START DATA FOR REVIEW
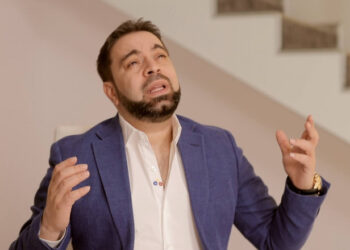 Marele cântăreț Florin Salam, reţinut pentru înşelăciune: a luat bani să cânte şi nu a mai prestat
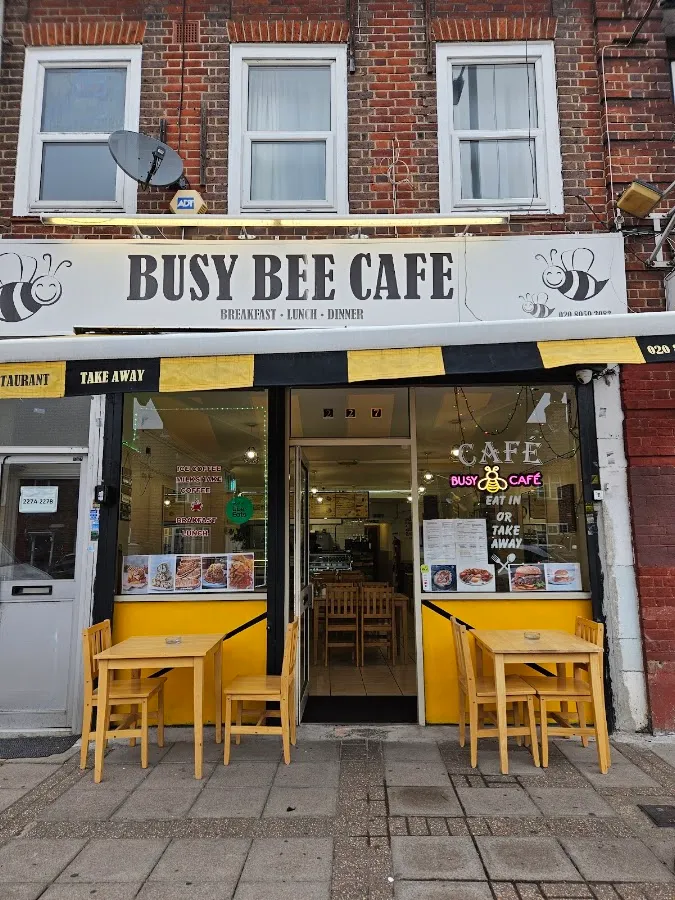 BookNoFees: Kafe – Busy Beez Cafe – London – Busy Beez Cafe, foto 1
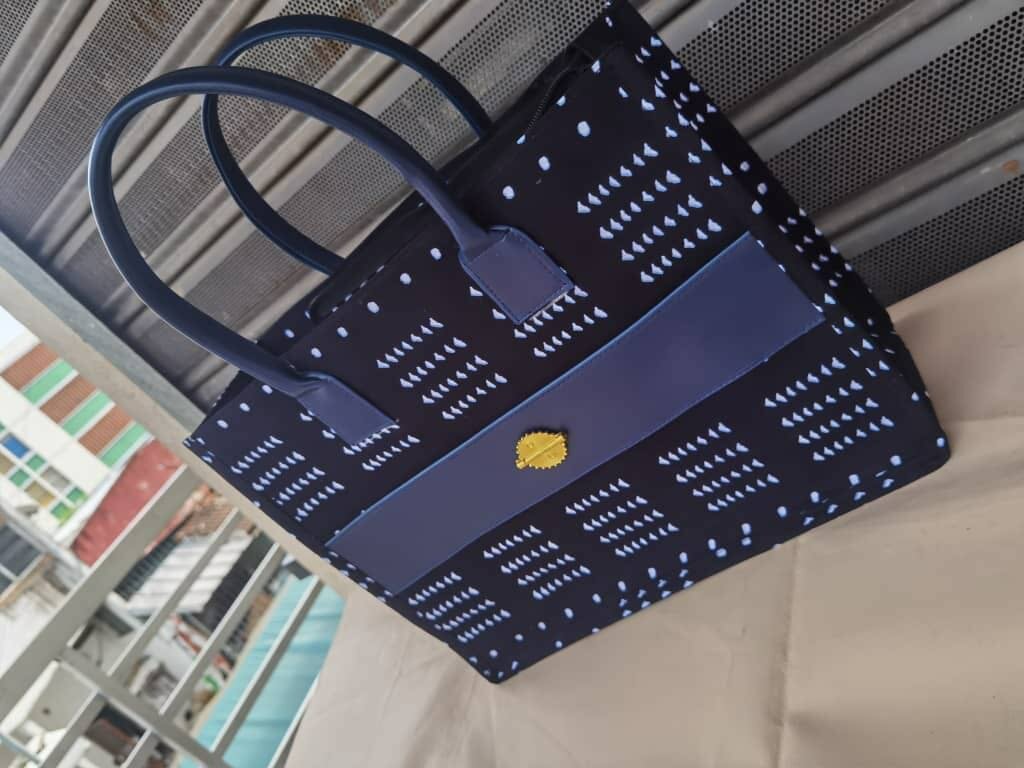 Sac à main en toile élégante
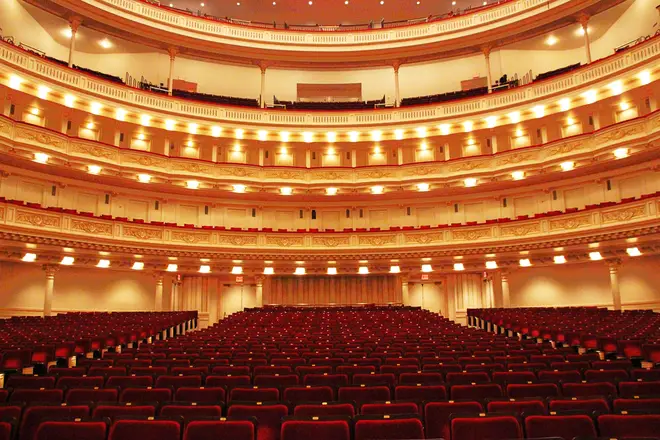 New York’s Carnegie Hall closes until the end of the month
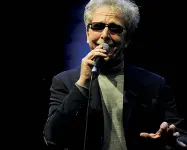  ??  ?? Anniversar­io Fabio Concato, a sinistra, è tra gli ospiti di Amen Show, evento musicale in Arena promosso dall’ambasciata dell’Armenia per ricordare il centenario del genocidio del suo popolo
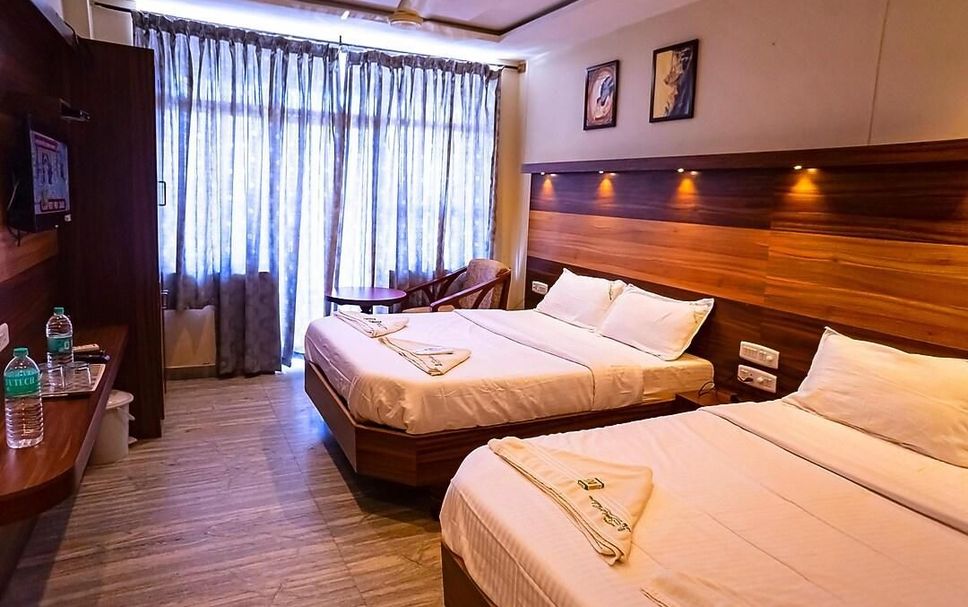 Triple bed family room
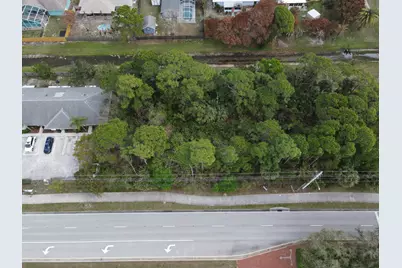 1751 SE Lennard Road NW, Port Saint Lucie, FL 34952 - Photo 5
END DATA FOR REVIEW
The entries above need to be repeated word for word, minus their pictures.

 Marele cântăreț Florin Salam, reţinut pentru înşelăciune: a luat bani să cânte şi nu a mai prestat
 BookNoFees: Kafe – Busy Beez Cafe – London – Busy Beez Cafe, foto 1
 Sac à main en toile élégante
 New York’s Carnegie Hall closes until the end of the month
  ??  ?? Anniversar­io Fabio Concato, a sinistra, è tra gli ospiti di Amen Show, evento musicale in Arena promosso dall’ambasciata dell’Armenia per ricordare il centenario del genocidio del suo popolo
 Triple bed family room
 1751 SE Lennard Road NW, Port Saint Lucie, FL 34952 - Photo 5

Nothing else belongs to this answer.